Waguih Ghali Les cigarettes égyptiennes
Il naquit à Alexandrie en 1927 ou 1929 : Waguih Ghali entretenait le mystère. Journaliste, écrivain, communiste, exilé notamment en Allemagne, il est mort en 1969. Pour le Times, il a fait des reportages en Israël après la guerre des Six Jours. Il a surtout écrit un roman, un seul, les Cigarettes égyptiennes, en 1964. Traduit en France en 1965, le voici réédité avec une tendre et intéressante postface inédite de l'éditrice britannique Diana Athill. C'est chez elle que Ghali s'est suicidé. La vie et le caractère romanesques de l'auteur valent aux Cigarettes égyptiennes le statut de livre culte. Il raconte le quotidien de Ram, copte, comme l'auteur. Les Anglais sont partis, Nasser est au pouvoir ; Ram est un fils de famille paresseux mais entouré d'amis avec lesquels il discute : de quoi est faite l'identité égyptienne ? Doit-on oublier ce que l'Angleterre a semé ? L'ironie est-elle l'essence de l'esprit égyptien ? V.B.-L.
Fragments
Silvina Ocampo Sentinelles de la nuit
«Une personne très bavarde laisse mourir quelqu'un à cause de ses bavardages» : voilà un sujet de nouvelle qui traverse la tête de Silvina Ocampo (1903-1993) lors d'une nuit d'insomnie. Aphorismes, récits d'expériences et autres fragments composent ce recueil d'inédits. Silvina Ocampo faisait partie d'une galaxie littéraire où brillent sa sœur Victoria, son mari, Adolfo Bioy Casares, Borges. «Je me souviens des lieux où je n'ai jamais été», écrit Silvina Ocampo. Douée d'un sens prémonitoire, l'Argentine considère que nous vivons parmi les fantômes. «Ils sont notre être antérieur, celui qui a vécu dans une maison, celui qui a traversé un jardin […], celui qui a été incroyablement heureux ou incroyablement malheureux.» F.F.
Philosophie
Clément Rosset L'endroit du Paradis. Trois études
La gorge est nouée par l'émotion quand on lit, au dos de la couverture, ces trois lignes nues, dont on sait à présent - Clément Rosset est mort le 27 mars - qu'elles n'auront jamais de suite : «Ce petit livre est consacré à une dernière (je l'espère pour moi et pour mes lecteurs) tentative d'analyse et de description de la joie de vivre et de la joie d'exister.» Les trois courtes études qui composent l'Endroit du paradis - sur le génie de la Grèce antique (Homère), sur la (dé)mesure (Aristophane) et sur la musique - acquièrent dès lors la force de l'authenticité, d'un don sans retour, d'une donation de vérité. «De la joie de vivre je dirais volontiers, en parodiant Aristote, qu'elle constitue une substance totalement indépendante de ses "accidents". Sans doute cette joie est-elle constamment exposée à des arrêts : par la torture, physique ou orale, par la mort. Mais ce sont là des interruptions, pas des accidents de la joie. Dès lors que règne la joie de vivre, il n'est aucun fait, aucune circonstance qui puissent la perturber ou la contrarier.»

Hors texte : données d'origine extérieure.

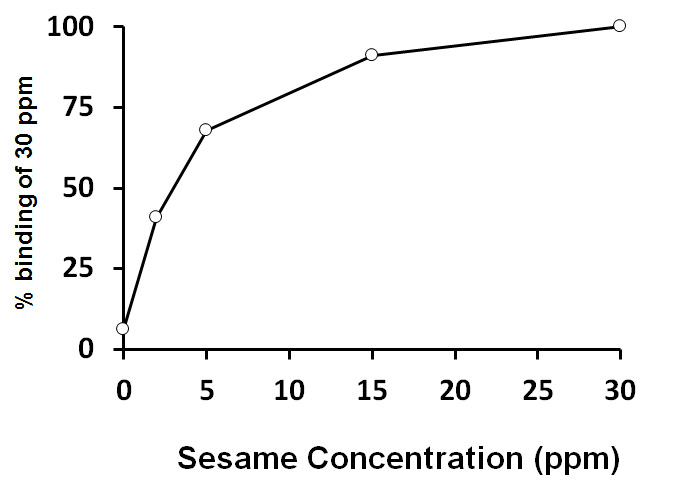 ARG80812 Sesame ELISA Kit results of a typical standard run with optical density reading at 450nm.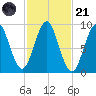 Rockland tide chart for Tuesday, October 21, 2025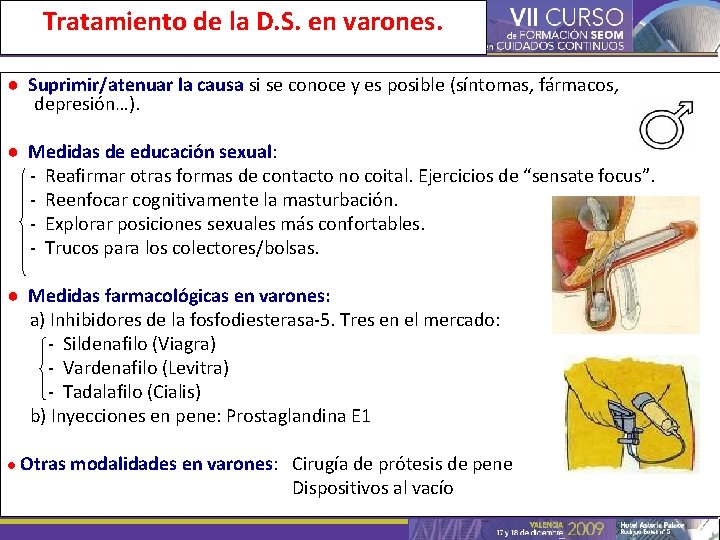 Tratamiento de la D. S. en varones. ● Suprimir/atenuar la causa si se conoce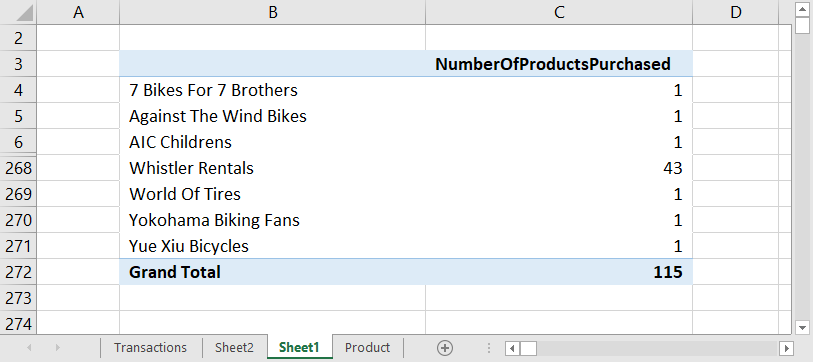 Summarized PivotTable Containing Results of Measure Created Using DISTINCTCOUNT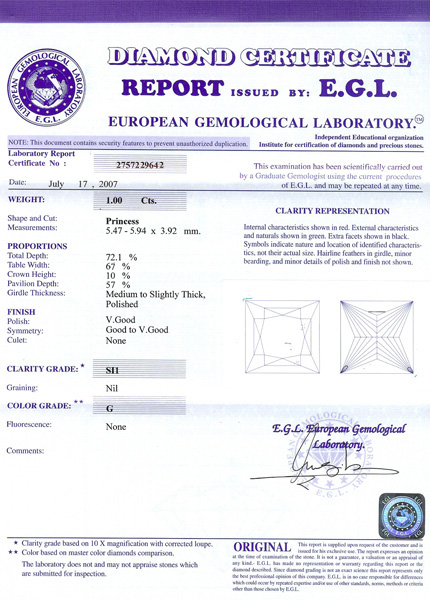 EGL International or Israel Certificate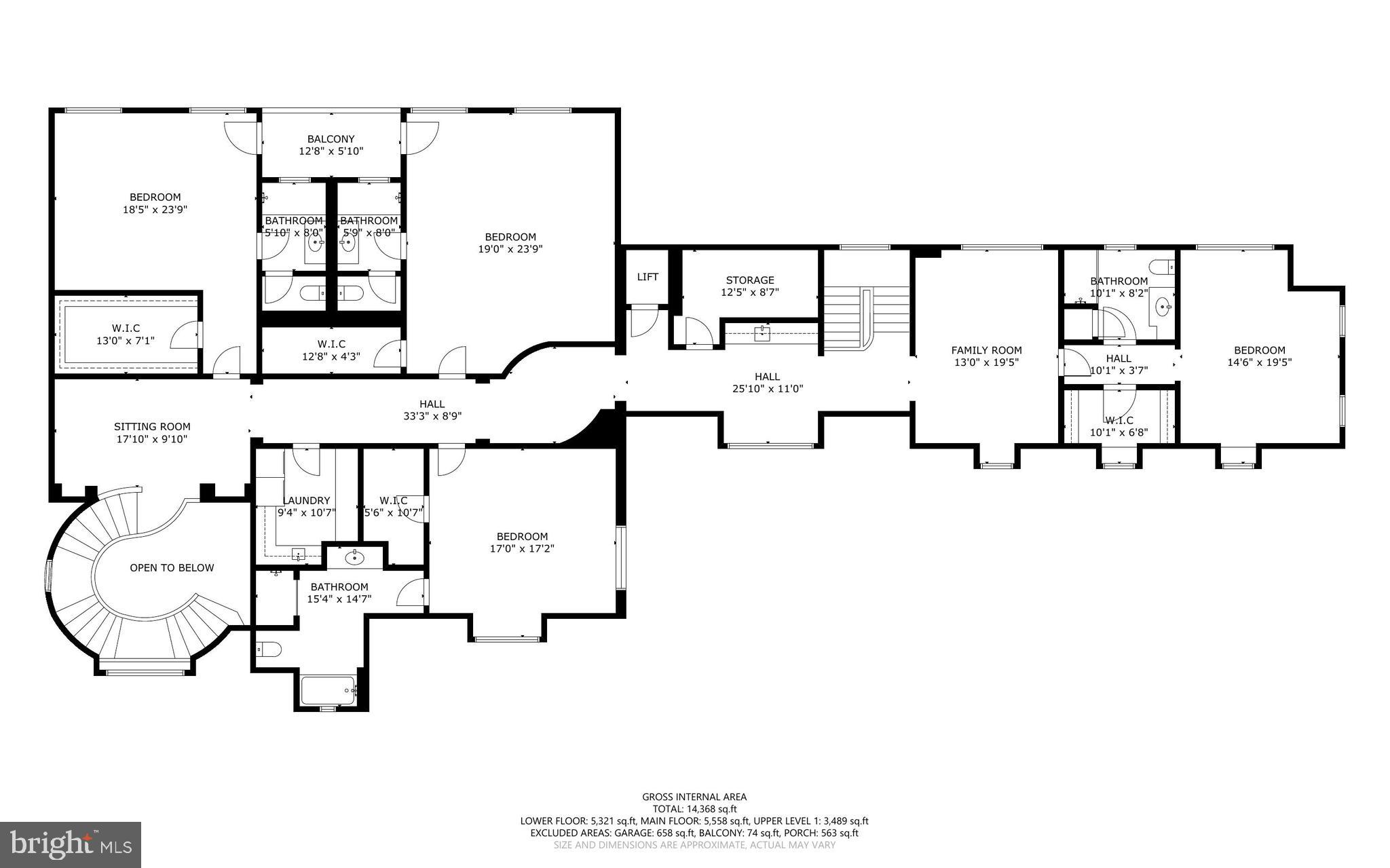 CREIGHTON FARMS - Residential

Comme dans la goutte d'eau d'un étang il y a tout l'étang, dans chaque paragraphe de cet ultime ouvrage, il y a tout Clément Rosset, qui dans sa vie de philosophe aura tenté de dire ce qu'est le réel («la seule chose au monde à laquelle on ne s'habitue jamais complètement»), et qui la termine en disant : «Musique !» - car «sans la musique le monde serait effectivement une erreur, ou plutôt une création superfétatoire. Dieu suffirait». R.M.